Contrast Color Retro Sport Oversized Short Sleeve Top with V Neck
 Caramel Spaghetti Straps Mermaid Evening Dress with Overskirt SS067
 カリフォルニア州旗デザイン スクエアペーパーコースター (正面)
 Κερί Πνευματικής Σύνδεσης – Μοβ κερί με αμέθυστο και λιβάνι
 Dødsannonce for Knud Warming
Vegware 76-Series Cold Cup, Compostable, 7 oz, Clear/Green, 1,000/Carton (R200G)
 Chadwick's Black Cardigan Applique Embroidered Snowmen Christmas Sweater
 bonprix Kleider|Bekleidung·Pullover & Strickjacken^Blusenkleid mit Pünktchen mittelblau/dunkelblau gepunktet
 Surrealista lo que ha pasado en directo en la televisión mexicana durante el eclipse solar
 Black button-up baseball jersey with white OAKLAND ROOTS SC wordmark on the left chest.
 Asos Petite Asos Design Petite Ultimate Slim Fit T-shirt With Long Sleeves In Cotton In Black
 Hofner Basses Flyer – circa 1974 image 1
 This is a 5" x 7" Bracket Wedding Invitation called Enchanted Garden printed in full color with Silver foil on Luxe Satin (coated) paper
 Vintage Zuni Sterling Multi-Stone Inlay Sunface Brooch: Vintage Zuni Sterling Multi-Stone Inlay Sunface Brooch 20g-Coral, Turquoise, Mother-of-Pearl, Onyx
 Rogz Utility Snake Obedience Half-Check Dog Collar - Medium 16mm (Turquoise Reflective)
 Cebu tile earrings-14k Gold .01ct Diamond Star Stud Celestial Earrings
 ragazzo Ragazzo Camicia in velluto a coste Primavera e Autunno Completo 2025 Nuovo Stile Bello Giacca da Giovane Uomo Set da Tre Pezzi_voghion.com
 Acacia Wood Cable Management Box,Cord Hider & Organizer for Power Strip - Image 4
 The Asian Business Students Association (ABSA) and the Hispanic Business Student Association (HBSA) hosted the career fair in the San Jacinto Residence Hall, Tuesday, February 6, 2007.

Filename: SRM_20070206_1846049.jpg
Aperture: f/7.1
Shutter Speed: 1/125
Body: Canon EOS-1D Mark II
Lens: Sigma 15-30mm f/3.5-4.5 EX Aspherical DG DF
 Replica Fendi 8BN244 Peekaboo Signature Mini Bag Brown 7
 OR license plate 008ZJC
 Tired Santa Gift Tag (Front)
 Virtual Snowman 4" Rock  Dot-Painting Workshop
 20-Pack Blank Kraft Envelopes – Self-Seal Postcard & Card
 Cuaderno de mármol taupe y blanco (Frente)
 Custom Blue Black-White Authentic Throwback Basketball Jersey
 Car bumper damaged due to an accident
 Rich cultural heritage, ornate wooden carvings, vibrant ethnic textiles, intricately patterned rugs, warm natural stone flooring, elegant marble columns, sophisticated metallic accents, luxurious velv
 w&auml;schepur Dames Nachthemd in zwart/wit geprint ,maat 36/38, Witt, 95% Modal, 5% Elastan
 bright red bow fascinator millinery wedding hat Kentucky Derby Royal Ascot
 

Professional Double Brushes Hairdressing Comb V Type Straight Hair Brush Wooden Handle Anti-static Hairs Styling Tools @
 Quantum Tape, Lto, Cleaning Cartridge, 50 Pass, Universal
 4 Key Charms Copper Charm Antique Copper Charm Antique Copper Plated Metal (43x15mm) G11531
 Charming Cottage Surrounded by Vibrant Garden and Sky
--------------------------------------------------
What is expected => Reproduce the records word for word.

Completed exercise =>
Contrast Color Retro Sport Oversized Short Sleeve Top with V Neck
 Caramel Spaghetti Straps Mermaid Evening Dress with Overskirt SS067
 カリフォルニア州旗デザイン スクエアペーパーコースター (正面)
 Κερί Πνευματικής Σύνδεσης – Μοβ κερί με αμέθυστο και λιβάνι
 Dødsannonce for Knud Warming
Vegware 76-Series Cold Cup, Compostable, 7 oz, Clear/Green, 1,000/Carton (R200G)
 Chadwick's Black Cardigan Applique Embroidered Snowmen Christmas Sweater
 bonprix Kleider|Bekleidung·Pullover & Strickjacken^Blusenkleid mit Pünktchen mittelblau/dunkelblau gepunktet
 Surrealista lo que ha pasado en directo en la televisión mexicana durante el eclipse solar
 Black button-up baseball jersey with white OAKLAND ROOTS SC wordmark on the left chest.
 Asos Petite Asos Design Petite Ultimate Slim Fit T-shirt With Long Sleeves In Cotton In Black
 Hofner Basses Flyer – circa 1974 image 1
 This is a 5" x 7" Bracket Wedding Invitation called Enchanted Garden printed in full color with Silver foil on Luxe Satin (coated) paper
 Vintage Zuni Sterling Multi-Stone Inlay Sunface Brooch: Vintage Zuni Sterling Multi-Stone Inlay Sunface Brooch 20g-Coral, Turquoise, Mother-of-Pearl, Onyx
 Rogz Utility Snake Obedience Half-Check Dog Collar - Medium 16mm (Turquoise Reflective)
 Cebu tile earrings-14k Gold .01ct Diamond Star Stud Celestial Earrings
 ragazzo Ragazzo Camicia in velluto a coste Primavera e Autunno Completo 2025 Nuovo Stile Bello Giacca da Giovane Uomo Set da Tre Pezzi_voghion.com
 Acacia Wood Cable Management Box,Cord Hider & Organizer for Power Strip - Image 4
 The Asian Business Students Association (ABSA) and the Hispanic Business Student Association (HBSA) hosted the career fair in the San Jacinto Residence Hall, Tuesday, February 6, 2007.

Filename: SRM_20070206_1846049.jpg
Aperture: f/7.1
Shutter Speed: 1/125
Body: Canon EOS-1D Mark II
Lens: Sigma 15-30mm f/3.5-4.5 EX Aspherical DG DF
 Replica Fendi 8BN244 Peekaboo Signature Mini Bag Brown 7
 OR license plate 008ZJC
 Tired Santa Gift Tag (Front)
 Virtual Snowman 4" Rock  Dot-Painting Workshop
 20-Pack Blank Kraft Envelopes – Self-Seal Postcard & Card
 Cuaderno de mármol taupe y blanco (Frente)
 Custom Blue Black-White Authentic Throwback Basketball Jersey
 Car bumper damaged due to an accident
 Rich cultural heritage, ornate wooden carvings, vibrant ethnic textiles, intricately patterned rugs, warm natural stone flooring, elegant marble columns, sophisticated metallic accents, luxurious velv
 w&auml;schepur Dames Nachthemd in zwart/wit geprint ,maat 36/38, Witt, 95% Modal, 5% Elastan
 bright red bow fascinator millinery wedding hat Kentucky Derby Royal Ascot
 

Professional Double Brushes Hairdressing Comb V Type Straight Hair Brush Wooden Handle Anti-static Hairs Styling Tools @
 Quantum Tape, Lto, Cleaning Cartridge, 50 Pass, Universal
 4 Key Charms Copper Charm Antique Copper Charm Antique Copper Plated Metal (43x15mm) G11531
 Charming Cottage Surrounded by Vibrant Garden and Sky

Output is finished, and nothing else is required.